Task brief: In the records that follow, find the line containing "Beautiful Vintage stamped" and the line containing "澎湖旅遊拍攝,旅遊拍攝,攝影", then transcribe both and every line between them exactly, omitting pictures.

Listed entries:

****************

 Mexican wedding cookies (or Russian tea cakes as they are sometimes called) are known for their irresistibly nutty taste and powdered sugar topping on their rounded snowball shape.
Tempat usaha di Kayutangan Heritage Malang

****************

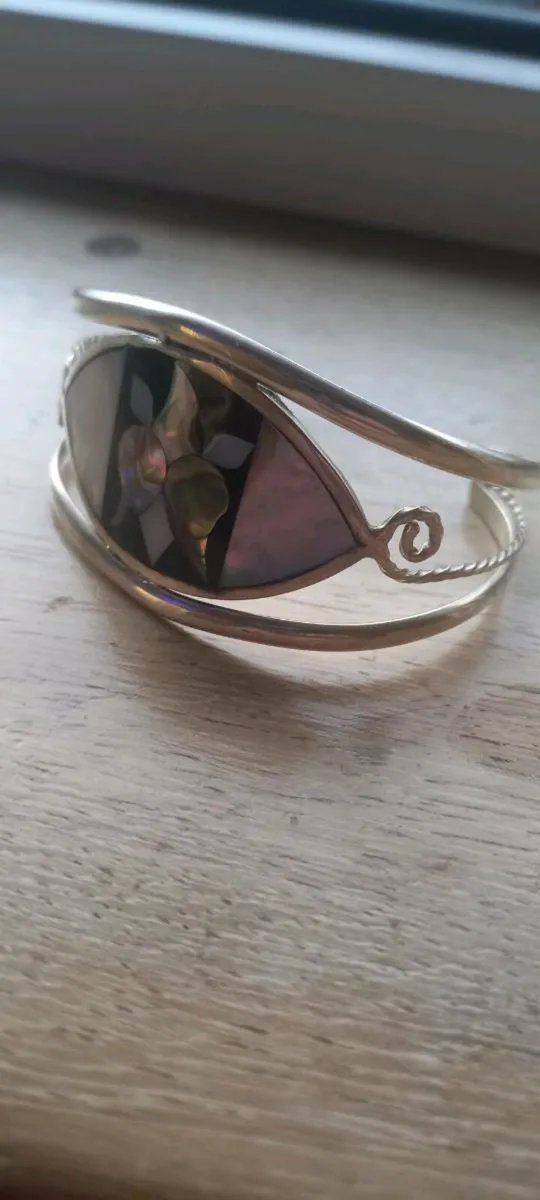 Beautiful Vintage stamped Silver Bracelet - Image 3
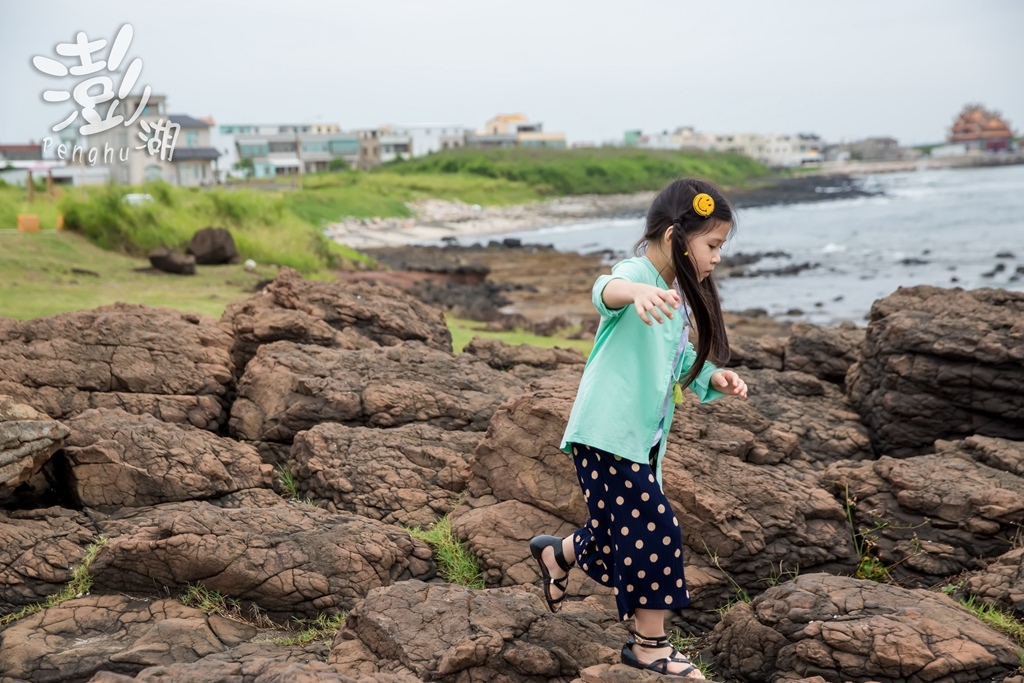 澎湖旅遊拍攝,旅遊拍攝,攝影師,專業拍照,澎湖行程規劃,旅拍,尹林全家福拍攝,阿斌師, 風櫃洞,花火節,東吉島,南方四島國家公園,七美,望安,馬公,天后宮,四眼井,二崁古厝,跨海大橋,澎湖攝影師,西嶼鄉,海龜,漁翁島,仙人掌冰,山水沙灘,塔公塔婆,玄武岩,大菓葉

****************

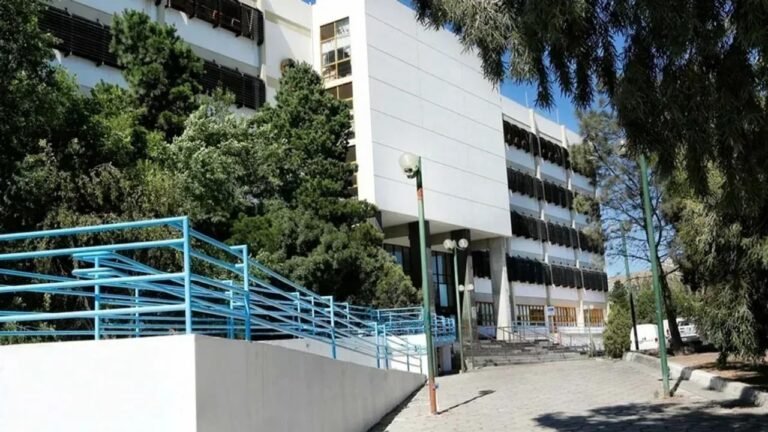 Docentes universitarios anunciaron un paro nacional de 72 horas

****************

Written response:
 Beautiful Vintage stamped Silver Bracelet - Image 3
 澎湖旅遊拍攝,旅遊拍攝,攝影師,專業拍照,澎湖行程規劃,旅拍,尹林全家福拍攝,阿斌師, 風櫃洞,花火節,東吉島,南方四島國家公園,七美,望安,馬公,天后宮,四眼井,二崁古厝,跨海大橋,澎湖攝影師,西嶼鄉,海龜,漁翁島,仙人掌冰,山水沙灘,塔公塔婆,玄武岩,大菓葉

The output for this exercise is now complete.